Why it matters: The more our understanding of a new technology is distorted by hype, the less thoughtfully we can apply it and the more likely it is we will cause harm with it.

The big picture: Real advances in machine-learning based pattern- recognition and -completion have sparked a new bubble in tech-industry investment, encouraging companies to apply the "AI" label to anything that moves.

Driving the news: Paul McCartney recently told the BBC that AI was helping the surviving Beatles produce a new song featuring vocals by John Lennon, who was killed in 1980.

Today's AI promoters are trying to have it both ways: They insist that AI is crossing a profound boundary into untrodden territory with unfathomable risks. But they also define AI so broadly as to include almost any large-scale, statistically-driven computer program.

Zoom out: The catalyst for this hype wave was the introduction of ChatGPT late last year, which spotlighted the impressive conversational abilities of today's large language models.
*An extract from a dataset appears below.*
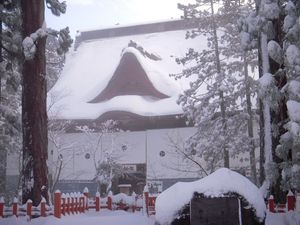 DSCN0466 DSCN0466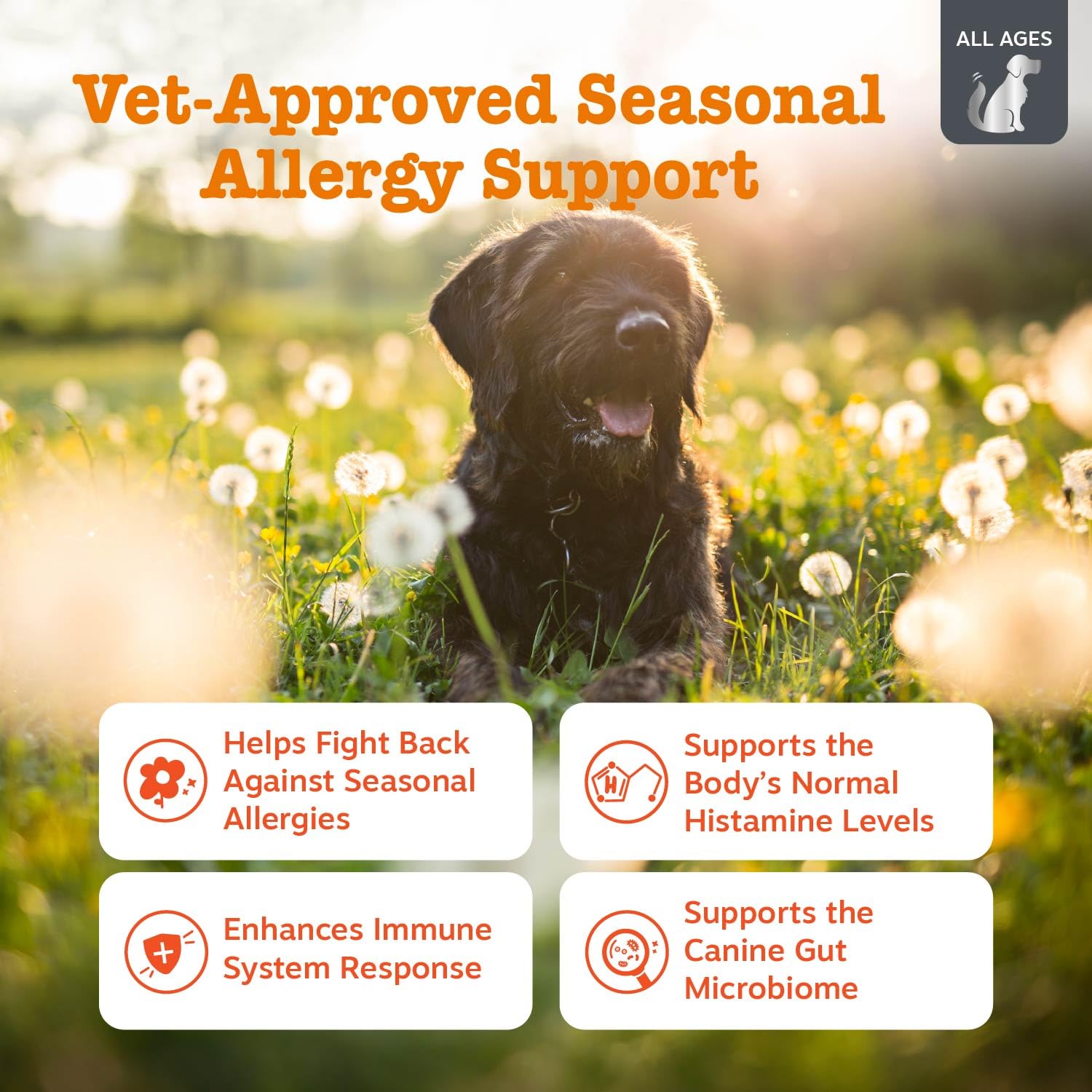 Zesty Paws Vet Strength chews texture close-up for itch relief potential.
The term "artificial intelligence" emerged in the 1950s to name the goal of duplicating human capabilities of reasoning in code and circuitry, which experts at the time predicted might take 15 or 20 years to achieve.

A different and long-neglected road involving the creation of neural networks emerged as a promising alternative, beginning to take form in the '90s and accelerating in the aughts.

The other side: Proponents of today's AI argue that such pattern-matching is basically what the human brain does, too, so as computers' capabilities advance they'll inevitably converge on those of humanity.

The bottom line: The ubiquity of the "artificial intelligence" category in tech today might be the most phenomenally successful act of rebranding in corporate history.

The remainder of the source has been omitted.